I have basically the same motor. I had starter issues the first time I took it out. I couldn’t get it to crank at all. Same kinda thing as you. I had previously cranked it by hand and it started fine. I griped about it to our local tohatsu guy. He quoted the owners manual to me. It seems that you need to crack the throttle to get them to start easily. It has worked for me. You might google the owners manual and see what is recommends. The dealer quoted a cold start procedure as well as a hot start. Cracking the throttle worked for me. 
Chip


----------



## trekker (Sep 19, 2015)

TXJM said:


> I have basically the same motor. I had starter issues the first time I took it out. I couldn’t get it to crank at all. Same kinda thing as you. I had previously cranked it by hand and it started fine. I griped about it to our local tohatsu guy. He quoted the owners manual to me. It seems that you need to crack the throttle to get them to start easily. It has worked for me. You might google the owners manual and see what is recommends. The dealer quoted a cold start procedure as well as a hot start. Cracking the throttle worked for me.
> Chip



Good stuff and thanks for the reply. What do you mean by "crack the throttle"?

Thanks!


----------



## TXJM (Aug 14, 2020)

trekker said:


> Good stuff and thanks for the reply. What do you mean by "crack the throttle"?
> 
> Thanks!


The easiest way to see it is to remove the cowling and watch the carb where the linkage goes in. As you advance the throttle, you will get to the point that the carb starts to open. A little past the movement is cracked open. You want the butterfly in the carb to be open a little. I’m guessing every throttle is different but somewhere in the slow range. Don’t want the valve closed and you don’t want it very open. 
I hope this was clear, I don’t always make my point. 
Chip


----------



## TXJM (Aug 14, 2020)

trekker said:


> Good stuff and thanks for the reply. What do you mean by "crack the throttle"?
> 
> Thanks!



I found this for you. It has starting procedures for different temps. Play around with it. You will get it going. Pg 18 of manual like 24 of the pdf. 

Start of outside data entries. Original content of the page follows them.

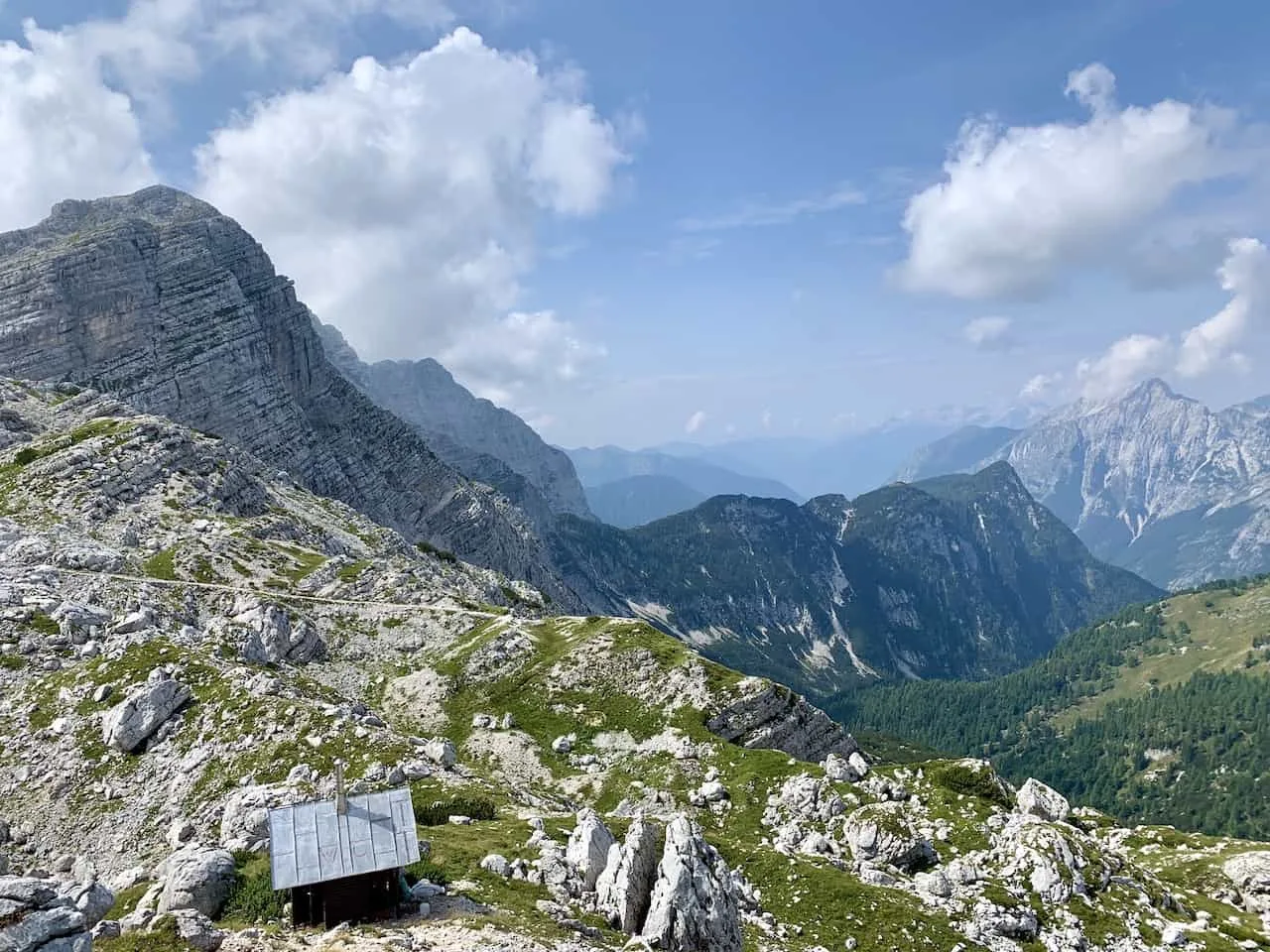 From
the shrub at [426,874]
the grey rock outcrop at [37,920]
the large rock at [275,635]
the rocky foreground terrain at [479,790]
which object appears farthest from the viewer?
the large rock at [275,635]

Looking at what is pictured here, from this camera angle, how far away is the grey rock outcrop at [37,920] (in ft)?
65.5

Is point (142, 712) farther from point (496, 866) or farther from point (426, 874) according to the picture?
point (496, 866)

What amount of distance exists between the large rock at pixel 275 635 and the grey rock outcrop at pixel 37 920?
52.6 m

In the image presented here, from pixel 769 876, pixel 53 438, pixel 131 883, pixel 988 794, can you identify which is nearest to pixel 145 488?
pixel 53 438

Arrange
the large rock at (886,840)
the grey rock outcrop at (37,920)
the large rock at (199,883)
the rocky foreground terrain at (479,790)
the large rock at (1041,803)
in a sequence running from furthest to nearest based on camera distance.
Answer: the large rock at (1041,803) < the large rock at (886,840) < the rocky foreground terrain at (479,790) < the large rock at (199,883) < the grey rock outcrop at (37,920)

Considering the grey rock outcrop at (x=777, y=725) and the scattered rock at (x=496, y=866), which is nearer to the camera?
the scattered rock at (x=496, y=866)

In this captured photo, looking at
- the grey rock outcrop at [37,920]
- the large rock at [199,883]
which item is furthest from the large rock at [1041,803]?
the grey rock outcrop at [37,920]

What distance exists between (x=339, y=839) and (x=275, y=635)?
53.8m

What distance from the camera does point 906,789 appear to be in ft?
195

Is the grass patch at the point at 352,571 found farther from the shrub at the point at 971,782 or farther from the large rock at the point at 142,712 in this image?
the shrub at the point at 971,782

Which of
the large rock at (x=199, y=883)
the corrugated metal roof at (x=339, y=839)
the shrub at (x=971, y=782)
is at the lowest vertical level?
the shrub at (x=971, y=782)

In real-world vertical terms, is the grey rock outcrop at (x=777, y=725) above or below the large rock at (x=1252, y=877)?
above

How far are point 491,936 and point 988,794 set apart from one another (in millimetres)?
49775

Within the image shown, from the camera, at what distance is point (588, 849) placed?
35281mm
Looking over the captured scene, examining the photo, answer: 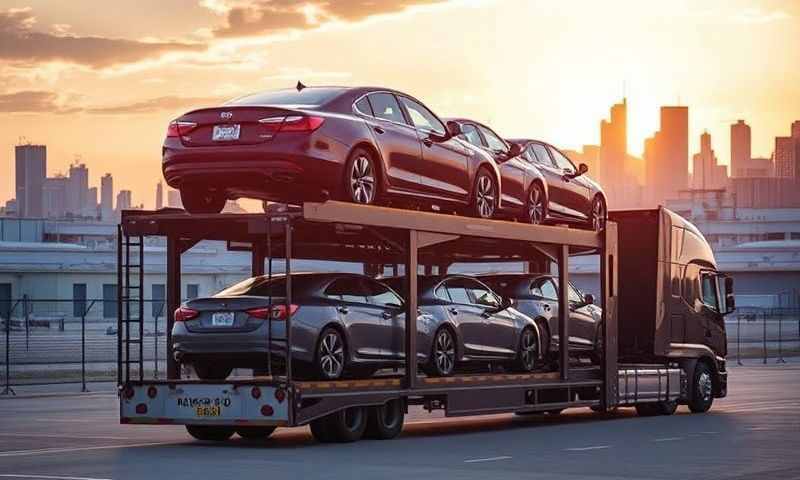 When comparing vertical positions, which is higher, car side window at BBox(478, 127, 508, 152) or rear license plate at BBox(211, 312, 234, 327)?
car side window at BBox(478, 127, 508, 152)

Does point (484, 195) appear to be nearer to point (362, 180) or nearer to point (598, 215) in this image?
point (362, 180)

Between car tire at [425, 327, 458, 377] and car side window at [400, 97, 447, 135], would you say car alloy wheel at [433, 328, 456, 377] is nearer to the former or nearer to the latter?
car tire at [425, 327, 458, 377]

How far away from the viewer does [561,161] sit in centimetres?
2455

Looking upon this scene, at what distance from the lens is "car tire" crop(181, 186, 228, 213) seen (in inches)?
731

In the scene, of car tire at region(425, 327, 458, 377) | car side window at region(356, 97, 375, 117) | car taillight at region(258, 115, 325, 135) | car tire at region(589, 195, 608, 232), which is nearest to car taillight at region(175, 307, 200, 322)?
car taillight at region(258, 115, 325, 135)

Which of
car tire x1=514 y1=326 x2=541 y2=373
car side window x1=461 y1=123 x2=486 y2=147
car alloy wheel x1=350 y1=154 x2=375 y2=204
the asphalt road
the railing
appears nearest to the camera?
the asphalt road

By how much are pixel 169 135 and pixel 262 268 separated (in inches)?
140

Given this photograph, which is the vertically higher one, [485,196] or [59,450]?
[485,196]

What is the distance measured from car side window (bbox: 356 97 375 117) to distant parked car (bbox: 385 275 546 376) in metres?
2.33

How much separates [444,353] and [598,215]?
5.19m

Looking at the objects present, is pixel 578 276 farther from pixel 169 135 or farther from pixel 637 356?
pixel 169 135

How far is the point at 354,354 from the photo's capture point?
62.1 ft

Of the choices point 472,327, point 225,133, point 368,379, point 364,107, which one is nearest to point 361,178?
point 364,107

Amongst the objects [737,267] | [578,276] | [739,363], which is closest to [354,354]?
[739,363] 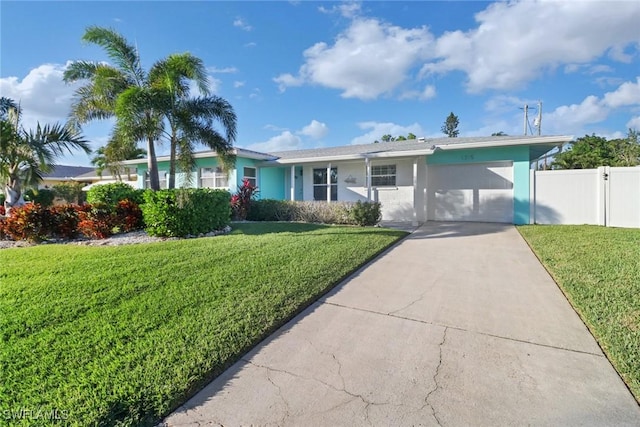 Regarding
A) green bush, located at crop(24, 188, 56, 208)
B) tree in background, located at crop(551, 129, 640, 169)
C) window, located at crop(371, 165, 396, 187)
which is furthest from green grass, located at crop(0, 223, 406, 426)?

http://www.nissanmarine.com/tech_talk/pdf_files/Nis25C3_30A4_40C.pdf


----------



## TXJM (Aug 14, 2020)

trekker said:


> Good stuff and thanks for the reply. What do you mean by "crack the throttle"?
> 
> Thanks!



Took a pic of mine. I guess the triangle is like the Start position on the OLD Johnsons and Evinrudes from childhood.
Sorry about all the posts, I keep thinking of things to help.


----------



## trekker (Sep 19, 2015)

You're the man. Thanks a ton!


----------



## lemaymiami (Feb 9, 2007)

This sort of advice really makes this site valuable… Wouldn’t miss it.


----------



## Jason M (Aug 13, 2017)

Great advice. 

My old Yamaha 90 two stroke required you to put it in neutral and give it a bit of throttle to start when it was cold or warm.


----------



## Smackdaddy53 (Dec 31, 2012)

Jason M said:


> Great advice.
> 
> My old Yamaha 90 two stroke required you to put it in neutral and give it a bit of throttle to start when it was cold or warm.


Most 2 smokes do


----------